NATIONAL Insurance is a form of tax on earnings that all workers have to pay once they earn over a certain threshold.
It then entitles you to claim certain welfare benefits such as the state pension, statutory sick pay and maternity cover.
What salary do you start paying National Insurance?
Unlike income tax, the amount of National Insurance you pay depends on how much you earn each month or week rather than each year.
If you are employed, you start paying National Insurance when you are 16 or older and earning more than £183 a week.
The self-employed start paying when they make profits of at least £6,475 a year.
Those earning less than these amounts do not have to pay any National Insurance.
If you earn less than £183 a week, but more than £120, your account will be credited as paying National Insurance, and you will still have access to the benefits such as a pension.
However, if you earn less than £120 a week you will be exempt from National Insurance contributions.
How much is National Insurance per month?

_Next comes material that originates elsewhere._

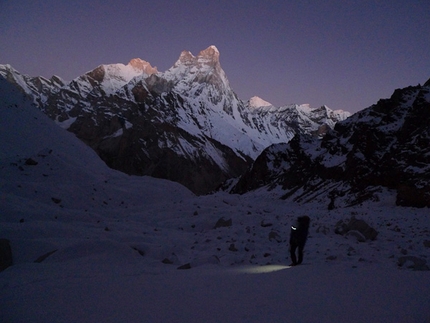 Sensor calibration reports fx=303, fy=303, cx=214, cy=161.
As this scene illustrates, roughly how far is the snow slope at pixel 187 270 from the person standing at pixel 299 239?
39 centimetres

The amount of National Insurance you pay depends on how much you earn per week or month, and is broken down as follows (2020/21):
You pay nothing on the first £183 of weekly earnings (or first £792 of monthly earnings).
You pay 12 per cent on weekly earnings between £183 and £962 (£792 – £4,167 of monthly earnings).
You pay two per cent on weekly earnings of £962 or more (£4,167 or more of monthly earnings)
For example, if you were to earn £1,000 a month you would pay zero National Insurance on the first £792, leaving £208 left to pay at 12 per cent.
Therefore, you would pay £24.96 that month.
Can I check how much National Insurance I've paid?
You can check how much National Insurance you've paid using the Government Gateway portal. You will need a login and password to do this.
If you do not have a login to the Government Gateway portal you can set one up, but will need your National Insurance number to do so.
You can check how much you have made in contributions during the current financial year, and check how many National Insurance credits you have received.
However, this portal will not give you an estimate of how much state pension you are entitled to.
You can also request for a paper version over-viewing your contributions if you want.
Can I opt out of National Insurance?
You cannot opt out if you are employed or self-employed, are aged 16 or over and earning above the minimum threshold.
If you are employed, your contributions will automatically be deducted from your take-home pay, so opting out is not possible anyway.
However, the self-employed have to manage these payments themselves.
If you become self-employed, you must tell HMRC as soon as possible.
You will then be required to complete a Self Assessment tax return every year.
This will be used to determine how much tax and National Insurance you should pay.